UK training organisation ScreenSkills is calling on hairdressers and make-up artists experienced in working with Black hair and make-up for people of colour to join the film and television industry through a new training initiative.

The first round of the training programme will have 16 places available, and will conclude with paid placements on high-end television productions in spring 2022, for companies including Netflix and ITV Studios.

ScreenSkills is targeting hairdressers and make-up artists working in areas such as Black hair salons, on photo-shoots, in wedding beauty, department stores, music videos, live events and theatre. All applicants will need extensive experience in working with Black hair or with make-up for people of colour, although it is not expected that candidates will have both.

The training is funded by the ScreenSkills Film Skills Fund with the placements supported by the High-end TV Skills Fund, both investing industry contributions from productions made in the UK.

“We are sure that there are people out there with experience in Black hair and make-up for people of colour who would be brilliant for the film and television industry if we can fast-track them in – creating a greater diversity of crew behind the camera to match the changes happening on screen,” said Seetha Kumar, CEO of ScreenSkills.

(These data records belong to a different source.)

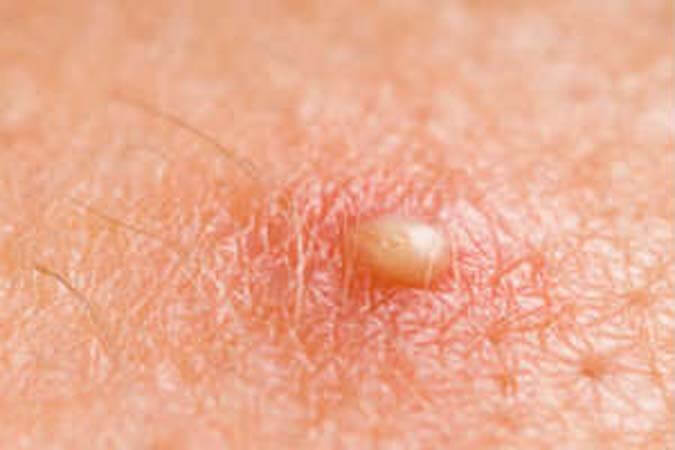 Folikülit (Kıl Kökü İltihabı) Nedir? Folikülit Neden Olur?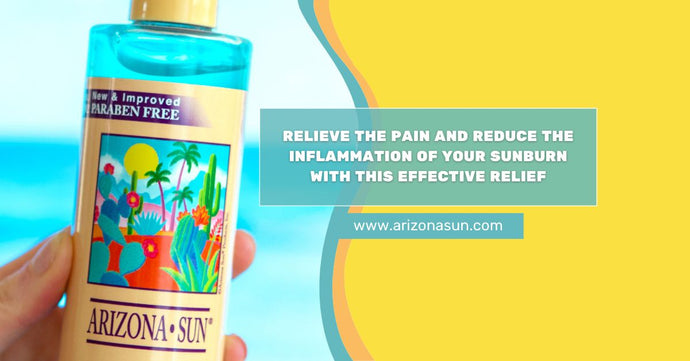 Aloe for Sunburn for Relieving the Pain and Reducing Inflammation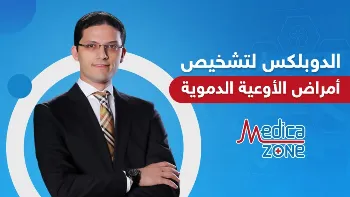 أهمية اشعة الدوبلكس في تشخيص أمراض الأوعية الدموية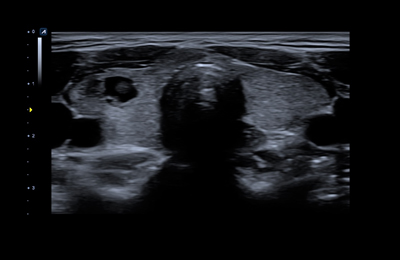 Optimal Imaging Suite™ Plus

Paapa Essiedu, star of BBC/HBO series I May Destroy You, added: “When I started acting, my white peers would just get their hair cut by hair and make-up for their part. The same wasn’t true of my hair. I would have to take time out of my day and use my budget to go to a barber. My time wasn’t seen as having the same value as my peers. This sounds like a great initiative. I hope that it attracts people into the industry who haven’t known how to get in before.”

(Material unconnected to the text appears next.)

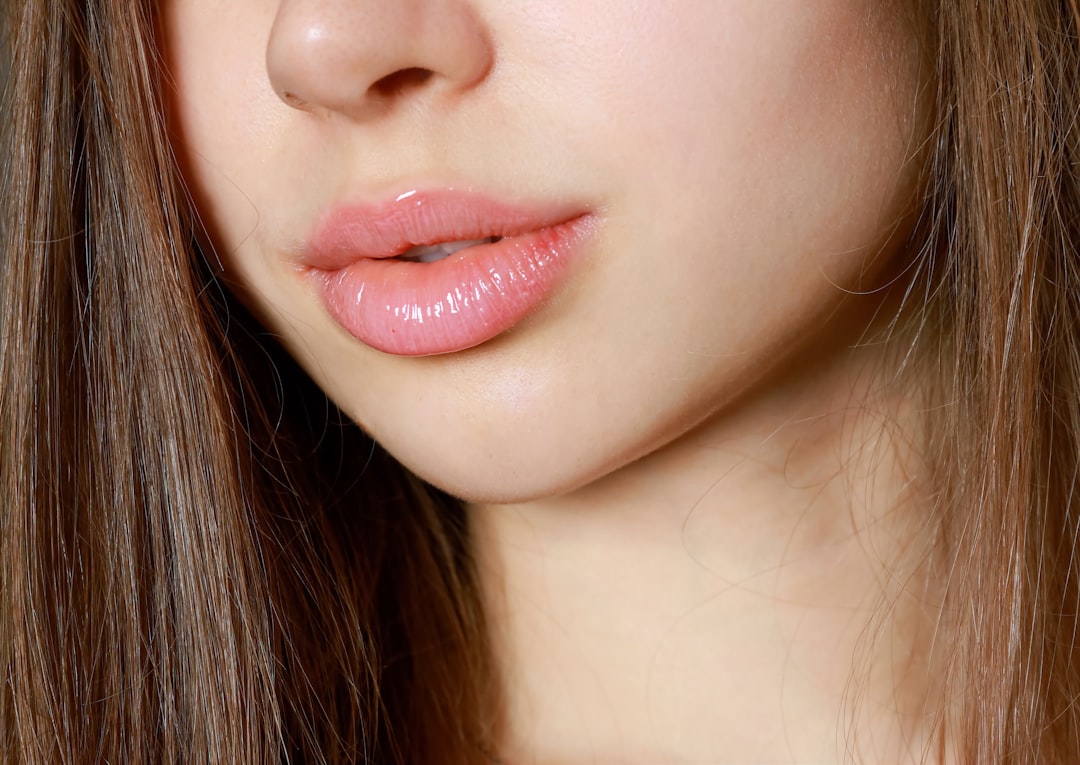 Photo Skin rash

A free online introduction to hair and make-up for film and television and how the training programme will work will be held on January 20.

Black Economics Says…

It is 2022. It’s wonderful that more black and mixed race and Asian actors are being hired for mainstream film and TV roles. But it’s also time that Film makers look to hire black hairdressers and black make-up artists to deal with the styling of black actors or performers. There are thousands of these professionals, and a short search on instagram will reveal the talented people of colour who would be more than willing to be hired.

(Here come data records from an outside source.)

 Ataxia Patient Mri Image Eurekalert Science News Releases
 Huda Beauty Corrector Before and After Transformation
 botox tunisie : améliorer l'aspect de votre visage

Too many actors and actresses have had to do their own make up and hair and not afforded the luxury of being taken care of that their white counterparts have. It shows disinterest in the culture or laziness on the part of the management and costume department.

Some productions have millions for a budget but yet refuse to see the needs of people of colour. It’s time that changed. Equality and Diversity needs to be addressed in every way.

We are pleased to see this call out – and will put the word around. It’s high time.